The Neo was the top of the new line from Kyocera. This phone has a hidden OLED display on the front that will display call and message alerts. But that's not what you notice. What really stands out is the pulsing blue light that serves as a backbone of sorts for the Neo. It's a very attractive design element. We're not sure if you can turn this pulsing light off, or if it always pulses, but it is definitely a cool touch.
The rest of the hardware is made of fairly smooth plastics that feel pretty good in your hand. It is very light and balanced both closed an open. The volume toggle and camera keys on the left side of the phone were adequate, and the hatch covering the microUSB port were all easy to find and offered acceptable feedback. The numeric keypad is completely flat, but the keys offered a lot of feedback and travel. Because of the flat nature of the keypad and lack of any real physical cues, it was sometimes difficult to tell exactly where your thumb was on the Neo's keypad. We wish Kyocera had included the standard nub on the 5 key or some other way to tell users where their thumbs are.
The main menu system of the Neo was working, but nothing beyond that. We were able to zoom around and see all the different things that will be included on the final build of the phone, but the actual applications did not load/work. The menu grid made sense and didn't present any obstacles in finding applications or tools.
Given its feature set, this phone could be a good option for those that want more than the entry level phone has to offer.
Here is a brief video tour of the Neo:
This phone is a little tiny bit of a step down from the Neo. It is less stylish, but just as functional. The graphite and silver coloring is nice, and it is a very light phone. It weighs barely anything and because the body is fairly narrow, it was easy to grip it in your hand. The buttons on the left side of the phone were not working all that well, and were recessed so far into the body of the phone that they were difficult to press. Perhaps this was a pre-production unit that had seen too much time on the show floor. There is a nice notch in the seam of the phone for your thumb. This helps you pop the phone open. quite easily.
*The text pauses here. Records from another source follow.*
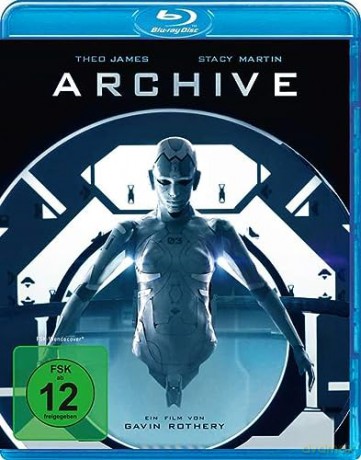 Archive (Archiwum) [Blu-Ray]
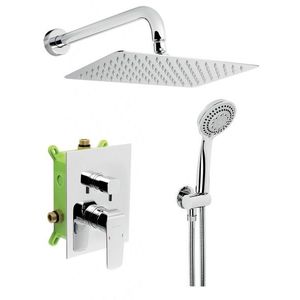 NOVASERVIS - Sprchová sada podomietková, chróm SADA38051R, 0 vyobraziť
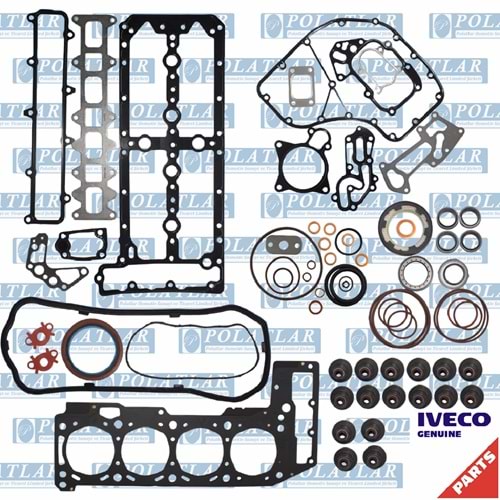 İVECO DAİLY C15 MOTOR 3.0 CONTA FUL TK (E4-E5)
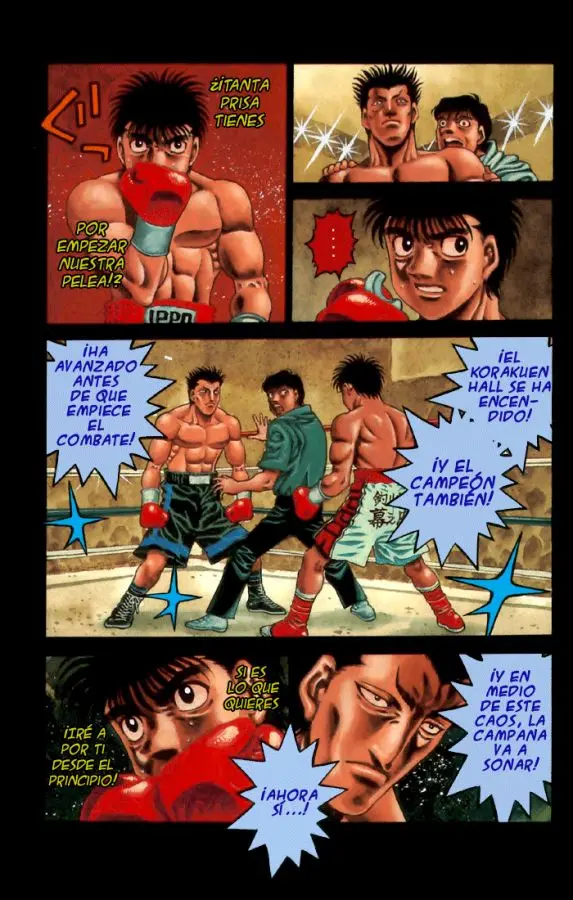 Hajime no Ippo (1989) - Capítulo 481 - Página 4 - LectorTMOo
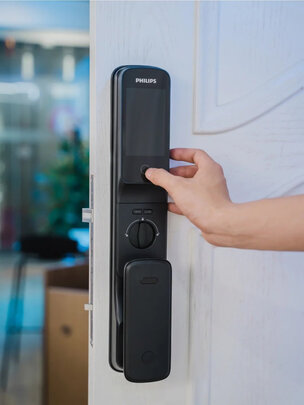 智能门锁|客观评价飞利浦Alpha智能门锁怎么样？上手三周说真相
Once open, you can see the flat keypad. The numeric keys themselves moved quite well and offered plenty of feedback and travel. The D-pad, however barely offered any feedback and travel. It was quite difficult to tell when you had pressed the buttons and this led to navigation errors. The D-pad also has only small slivers of space for your thumb to actually press it.
The screen of the Mako is strangely small. It is well under the two-inch mark, and floats in a giant black panel on the top half of the flip. It really looks odd. Whatver reason the Mako has such a small display, the colors looked nice.
The Mako's OS was also more full realized than that of the Neo. We were able to sample many of the applications. They were speedy and worked well. The camera application was okay for taking snapshots, but there's very little to customize with it, so you won't be rivaling Ansel Adams with it.
Here is a brief video tour of the Mako:
This phone is yet another step down from the previous two we've discussed here. The Adreno is a basic clamshell and has a single line display on the front to show you messaging call alerts. It is a small and light phone, very pocketable and easy to hold onto.
Opening it up, there is a flat keypad, with some hexagonal ridges on the keypad. These ridges appear to be for design sake, and definitely give the keypad a unique look. Using the keypad was straight forward. The keys offered acceptable travel and feedback, and so did the D-pad and navigational keys.
The menu system was the same as on the Mako, and the grid was easy enough to decipher and use to access the phone's features and functions.